Without even really considering what she should do next, Holly padded upstairs and stood outside the front bedroom, Cora’s room.

The plain, glossed white door was closed, so she gave it a firm push. As it began to open, it caught on the carpet underneath, so she kept pushing.

The room smelled a little fusty, as if it hadn’t actually been used for some time.

It was over-filled with heavy walnut furniture that crowded it out and gave the otherwise sizeable space a claustrophobic feel.

The dusty burgundy velvet curtains were half closed, and Holly snapped on the light to save her squinting unnecessarily into the gloom.

She walked over to the chest of drawers that stood by the window. The top was a sea of framed photographs, many of them featuring a gloriously young and vibrant Cora with various people, but mostly with Harold, whom Holly recognised from their wedding photograph on the mantelpiece downstairs.

She picked one of the photos up and studied it. Cora stood clutching the hand of a young girl with ribbons in her hair on Blackpool seafront. Cora was smiling but the child looked surly.

The photograph was black and white, but Holly could imagine the dull grey colour of the foaming sea behind them and the dirty beige sand on which a group of hapless donkeys stood, waiting forlornly for their next riders.

She replaced the photograph and didn’t bother inspecting the others. She felt fed up enough as it was without studying those long-ago scenes. It was nice to see Cora looking happy in most of them, but when Holly compared that glowing girl with the wrinkled woman she had become, she felt even worse about her own future.

How was it possible that years could flit by so quickly, robbing people of their happiest times?

She felt the keen passing of her own life, the division between the girl she had been before and the woman she had turned into.

Effectively she was betraying Cora’s trust by sneaking in here.
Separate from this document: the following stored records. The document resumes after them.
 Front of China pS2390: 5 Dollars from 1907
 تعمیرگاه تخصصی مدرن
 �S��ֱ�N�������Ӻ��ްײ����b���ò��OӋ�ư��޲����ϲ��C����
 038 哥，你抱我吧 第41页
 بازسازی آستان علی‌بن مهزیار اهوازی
That wasn’t the person she wanted to be.

She asked herself the question: would she want someone snooping through her room and rifling through her personal items? Most definitely not, came the uninvited reply.

Yet something in her demanded she take the opportunity to look around. That way, she had less chance of being fooled as she had been before. She might get a measure of who the real Cora was.

In the past, she had fallen far too easily into believing that people were who they said they were. It was a mistake that had cost her dearly; that might have already ruined her future and robbed her of the love of her life.

And she couldn’t quite believe that the old lady really had nobody in her life. No children of her own and therefore no grandchildren; not even any elderly friends to go and play bingo with, or whatever it was that old people liked to do these days.

It was quite sad, yet she couldn’t help thinking that Cora and Harold had obviously kept themselves purposely isolated all these years, and now Harold was long gone and Cora found herself alone.

Maybe she wasn’t quite the frail old lady she liked to pretend to be… People could surprise you.

Holly inched open the drawers one by one. After nearly asphyxiating herself with the smell of mothballs, she came across a large, tattered brown envelope in the last but one drawer from the bottom.

She slid it out and peeked inside. More photographs and a few papers. She was about to replace it when something caught her eye at the top of one of the letters.

Her heart lurched when she read the lines beneath.

It seemed that she’d been right. Cora had a secret of her own.